21
Apr 18

Conditional expectation generalized to continuous random variables

category: FN3142 Quantitative Finance, Quantitative Finance no comments

Conditional expectation generalized to continuous random variables

The conditional expectation definition needs to be generalized, to be applicable to continuous random variables. The generalization is accompanied with an example and later will be applied to expected shortfall.
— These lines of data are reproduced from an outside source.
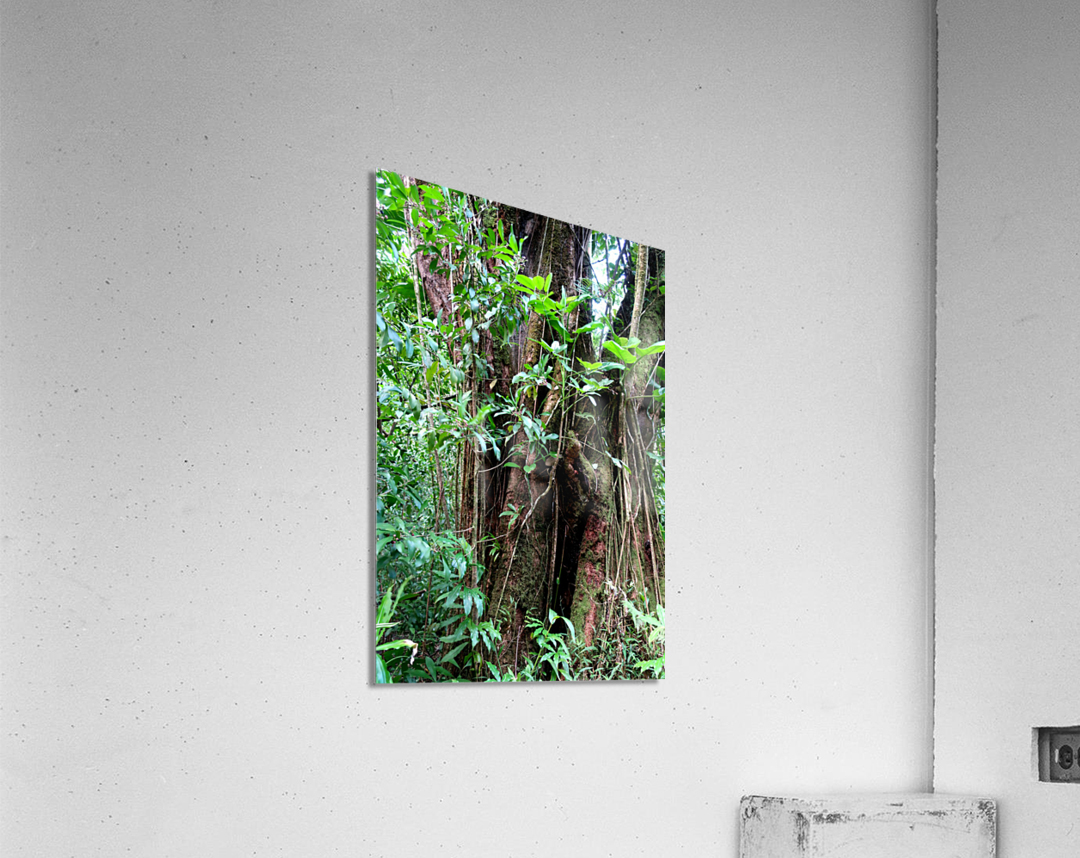 Hiking Hawaii 2 Acrylic Print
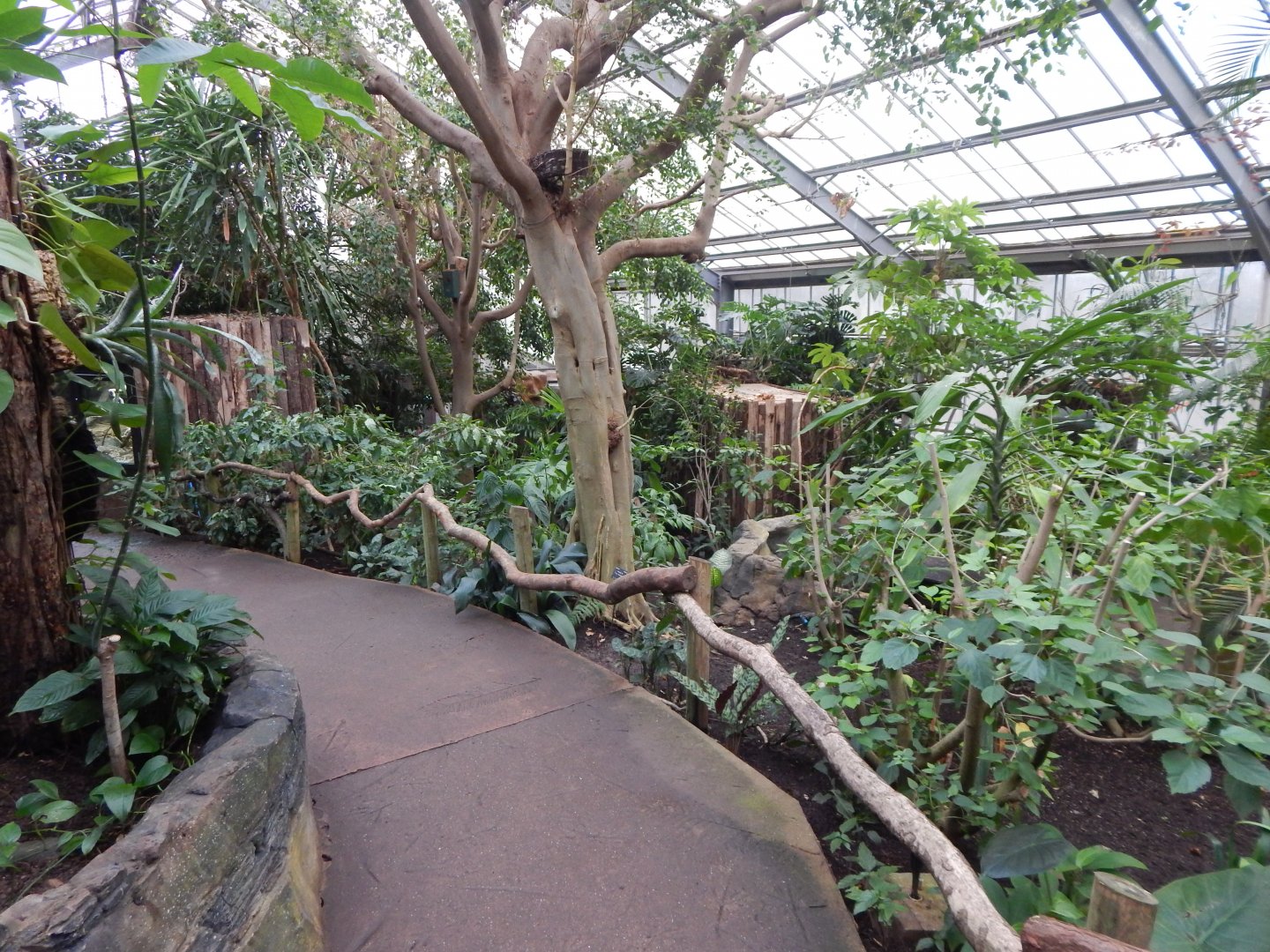 Reptile Tropics 050224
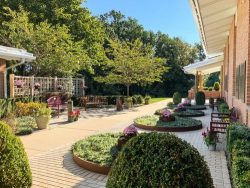 Perfect Lawn Landscaping in Waldwick – Popular Service for House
Generalizing conditional expectation definition

Suppose X can take values x_1,...,x_I with probabilities p_i^X=P(X=x_i) and Y can take values y_1,...,y_J with probabilities

(1) p_j^Y=P(Y=y_j).

Denote the joint probabilities p_{ij}=P(X=x_i,Y=y_j). The definition from this post gives

(2) E(X|Y=\bar{y}_j)=\frac{\sum_{i=1}^Ip_{ij}x_i}{p_j^Y},

where \bar{y}_j is a fixed value of Y. The drawback of this definition is its dependence on indexation of values x_i,y_j. Our purpose is to show how from this definition one can obtain a definition that does not use indexation and can therefore be applied to continuous random variables. Denote

1_{\{Y=\bar{y}_j\}}=\left\{\begin{array}{ll}1,&Y=\bar{y}_j;\\0,&\textrm{otherwise}.\end{array} \right.

Then the sum \sum_{i=1}^Ip_{ij}x_i can be expanded by including zero terms:

(3) \sum_{i=1}^Ip_{ij}x_i=\sum_{i=1}^I\sum_{j=1}^Jp_{ij}x_i1_{\{Y=\bar{y}_j\}}=E(X1_{\{Y=\bar{y}_j\}})

(the sum in the middle includes all points in the sample space). Using (1) and (3) we can rewrite (2) as

E(X|Y=\bar{y}_j)=\frac{E(X1_{\{Y=\bar{y}_j\}})}{P(Y=\bar{y}_j)}.

Replacing here the conditioning on Y=\bar{y}_j by conditioning on a general set A whose probability is not zero we obtain the definition of conditional expectation:

(4) E(X|A)=\frac{E(X1_A)}{P(A)}.

Example. If z is standard normal and \Phi is its distribution function, then for any number a one has

(5) E(z|z\le a)=-p_z(a)/\Phi(a)

where p_z is the density.

Proof. From the expression of the density

\frac{dp_z(t)}{dt}=\frac{1}{\sqrt{2\pi}}e^{-t^2/2}(-t)=-tp_z(t).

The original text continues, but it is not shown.